The competition ran for 2 months on my Discord server (that can be found here) in a public channel called #decode-the-drawings. All discussions and source codes are there, and my evaluation is also public. This setup let everyone track each other’s progress and see leaderboard shifts unfold in real-time. I also posted video updates[5] highlighting the key moments, announcing new prizes and the final results.
Community and Learning Dynamics
The competition was exciting on several levels. At first, it felt like a puzzle hunt: what are these hidden drawings, and how do we figure them out? Later, once people got working systems, it became more about optimization and fine-tuning, which made for some suspenseful leaderboard shifts (see Figure 2).

The winner was the participant whose reconstructions came closest to the real drawings. Runner-ups were decided through a badge system, where each badge represented a different technique (more techniques tried, more badges gained). In this way, exploration was rewarded alongside raw performance.
There were participants ranging from high-school students to IT professionals, and the winner turned out to be in the first group! Participants were from every continent (except Antarctica) so the competition helped promote Karelia to talented people all over the world. But the true highlight was the community that grew around it. The open discussion, shared code, and peer feedback created a learning ecosystem much richer than traditional lectures could offer. Participants could directly compare different problem-solving strategies, see each other’s thought processes, and learn from both clever insights and failed attempts. It felt very much like a work environment, so younger participants got a chance to experience this aspect as well. The community provided encouragement and accountability, both of which help participants persist through challenges they might otherwise abandon.
A total of 73 people participated, though most engaged only minimally: asking questions, proposing ideas, or sharing quick prototypes. Many of these small interactions were private messages I received via platforms I used to popularize the event: Discord, LinkedIn, Twitter, Facebook and even BuyMeACoffee. But most of the relevant discussions were on my Discord server (that can be found here) in the public #decode-the-drawings channel. The discussion produced 1,228 messages. Eleven participants showed sustained engagement (10+ active days). The peak activity occurred in May with 454 messages, coinciding with the initial problem exploration phase, followed by July with 427 messages during the optimization and fine-tuning phases. At its peak, daily activity reached 132 messages (evidence of intense collaborative problem-solving).
There was one noticeable drawback. For newcomers, seeing how far others had already progressed could be discouraging. This is probably why most competitions keep standings hidden until the deadline. But that format is designed with just scoring in mind, Decode the Drawings was always about learning first.

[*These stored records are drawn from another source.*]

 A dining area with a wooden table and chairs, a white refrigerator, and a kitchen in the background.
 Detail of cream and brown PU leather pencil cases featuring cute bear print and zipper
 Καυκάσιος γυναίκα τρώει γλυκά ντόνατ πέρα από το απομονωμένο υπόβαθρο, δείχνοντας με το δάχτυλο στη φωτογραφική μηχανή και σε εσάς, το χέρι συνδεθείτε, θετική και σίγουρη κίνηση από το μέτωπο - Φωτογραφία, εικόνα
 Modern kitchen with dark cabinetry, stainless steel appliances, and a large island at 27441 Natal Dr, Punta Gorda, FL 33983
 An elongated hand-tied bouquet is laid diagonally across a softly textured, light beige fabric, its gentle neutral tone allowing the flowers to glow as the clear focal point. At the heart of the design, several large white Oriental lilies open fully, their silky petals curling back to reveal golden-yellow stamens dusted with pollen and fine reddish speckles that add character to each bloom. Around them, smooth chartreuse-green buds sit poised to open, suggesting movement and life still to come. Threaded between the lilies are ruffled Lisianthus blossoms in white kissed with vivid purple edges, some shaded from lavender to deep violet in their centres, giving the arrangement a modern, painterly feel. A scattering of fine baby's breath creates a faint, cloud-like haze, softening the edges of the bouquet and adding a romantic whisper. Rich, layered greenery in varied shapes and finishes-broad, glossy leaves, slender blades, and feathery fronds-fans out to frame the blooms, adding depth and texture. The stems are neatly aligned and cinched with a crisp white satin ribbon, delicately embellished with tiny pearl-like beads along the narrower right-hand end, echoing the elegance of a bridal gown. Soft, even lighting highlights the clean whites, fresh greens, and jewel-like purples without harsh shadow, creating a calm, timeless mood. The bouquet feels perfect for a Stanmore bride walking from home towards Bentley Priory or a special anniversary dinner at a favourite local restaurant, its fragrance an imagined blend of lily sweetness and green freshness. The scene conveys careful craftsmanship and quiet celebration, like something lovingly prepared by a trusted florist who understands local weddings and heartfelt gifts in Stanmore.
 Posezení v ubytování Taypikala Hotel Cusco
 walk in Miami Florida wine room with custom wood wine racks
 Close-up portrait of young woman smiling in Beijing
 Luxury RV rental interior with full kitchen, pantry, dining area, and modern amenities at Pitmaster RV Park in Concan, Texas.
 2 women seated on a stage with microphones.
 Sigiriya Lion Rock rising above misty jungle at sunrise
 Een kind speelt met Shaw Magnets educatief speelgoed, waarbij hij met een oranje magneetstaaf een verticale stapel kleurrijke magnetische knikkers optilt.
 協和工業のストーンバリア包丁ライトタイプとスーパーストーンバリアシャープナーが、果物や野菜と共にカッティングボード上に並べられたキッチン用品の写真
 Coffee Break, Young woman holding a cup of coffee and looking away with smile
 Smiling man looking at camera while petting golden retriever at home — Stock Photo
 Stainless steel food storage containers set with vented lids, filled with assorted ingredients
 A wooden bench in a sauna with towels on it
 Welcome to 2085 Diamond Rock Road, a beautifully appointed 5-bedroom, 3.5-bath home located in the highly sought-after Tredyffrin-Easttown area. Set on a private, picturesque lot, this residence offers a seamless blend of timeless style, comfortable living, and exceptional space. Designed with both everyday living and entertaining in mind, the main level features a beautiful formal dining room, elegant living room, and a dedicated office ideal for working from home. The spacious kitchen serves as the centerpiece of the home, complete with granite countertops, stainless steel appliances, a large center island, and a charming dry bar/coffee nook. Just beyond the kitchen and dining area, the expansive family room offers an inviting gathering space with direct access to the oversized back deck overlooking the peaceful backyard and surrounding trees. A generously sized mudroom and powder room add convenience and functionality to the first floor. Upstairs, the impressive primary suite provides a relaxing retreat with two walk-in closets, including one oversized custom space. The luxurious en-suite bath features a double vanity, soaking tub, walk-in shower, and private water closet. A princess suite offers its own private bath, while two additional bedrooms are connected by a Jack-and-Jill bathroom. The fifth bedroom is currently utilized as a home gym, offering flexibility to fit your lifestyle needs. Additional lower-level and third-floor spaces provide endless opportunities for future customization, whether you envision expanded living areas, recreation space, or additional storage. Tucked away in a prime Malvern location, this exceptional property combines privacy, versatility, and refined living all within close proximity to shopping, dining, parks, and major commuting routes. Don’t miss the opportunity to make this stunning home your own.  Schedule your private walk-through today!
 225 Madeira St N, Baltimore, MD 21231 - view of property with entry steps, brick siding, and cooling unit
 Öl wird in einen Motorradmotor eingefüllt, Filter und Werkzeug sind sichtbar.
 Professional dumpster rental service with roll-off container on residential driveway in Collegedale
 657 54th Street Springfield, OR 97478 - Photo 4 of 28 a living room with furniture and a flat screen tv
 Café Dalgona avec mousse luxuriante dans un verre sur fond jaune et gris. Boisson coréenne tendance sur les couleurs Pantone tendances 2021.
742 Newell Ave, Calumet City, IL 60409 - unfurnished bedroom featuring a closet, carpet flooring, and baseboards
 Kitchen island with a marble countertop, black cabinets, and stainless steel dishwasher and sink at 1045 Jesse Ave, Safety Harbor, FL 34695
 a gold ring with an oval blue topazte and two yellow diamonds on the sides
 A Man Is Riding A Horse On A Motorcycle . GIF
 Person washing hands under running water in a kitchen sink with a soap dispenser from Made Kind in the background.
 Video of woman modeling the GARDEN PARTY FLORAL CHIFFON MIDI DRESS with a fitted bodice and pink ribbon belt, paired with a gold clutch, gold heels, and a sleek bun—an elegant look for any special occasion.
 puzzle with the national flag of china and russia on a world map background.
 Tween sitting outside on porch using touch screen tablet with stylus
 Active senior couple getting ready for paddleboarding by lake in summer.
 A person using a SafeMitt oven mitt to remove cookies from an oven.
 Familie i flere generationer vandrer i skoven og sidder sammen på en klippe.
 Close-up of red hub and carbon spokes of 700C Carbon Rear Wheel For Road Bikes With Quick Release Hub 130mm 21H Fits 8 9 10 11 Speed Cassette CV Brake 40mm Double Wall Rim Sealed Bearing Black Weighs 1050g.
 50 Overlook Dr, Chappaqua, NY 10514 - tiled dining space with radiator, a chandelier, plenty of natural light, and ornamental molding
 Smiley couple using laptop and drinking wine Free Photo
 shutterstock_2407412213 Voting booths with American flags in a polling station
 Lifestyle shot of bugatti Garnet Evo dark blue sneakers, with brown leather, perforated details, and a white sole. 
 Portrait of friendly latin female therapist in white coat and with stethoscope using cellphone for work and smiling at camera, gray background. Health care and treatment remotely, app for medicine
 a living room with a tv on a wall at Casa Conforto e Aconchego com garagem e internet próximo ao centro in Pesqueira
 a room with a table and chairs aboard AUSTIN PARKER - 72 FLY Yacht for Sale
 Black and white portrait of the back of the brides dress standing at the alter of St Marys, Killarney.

From Competition to Course
As the organizer, I got a huge benefit from this format. Seeing the problem through the participants’ eyes helped me to refine the related Computational Problem-Solving[6] course so it is at the right “entry level”. Many ideas from participants found their way into the course, shaping a narrative where solutions are built step by step, without assuming prior expertise. Teaching this way is surprisingly difficult once you’re deeply familiar with a topic; one tends to forget the learning process and treat concepts as self-evident. So, the competition was essential in shaping the course into its current form.
The course teaches how to break a problem into smaller parts (first-principles thinking), how to prioritize them, and how to isolate interconnected pieces so they can be worked on independently and checking whether these partial solutions are correct. We build a method from the ground up using simple reasoning and high school-level math. We first solve the problem by hand and learn how to automate it (using JavaScript). The algorithms are implemented in their simplest form and explained with plenty of visuals to walk through the logic. The target audience is beginners, especially high school students, who want practical ways to connect classroom math with real-world problem-solving.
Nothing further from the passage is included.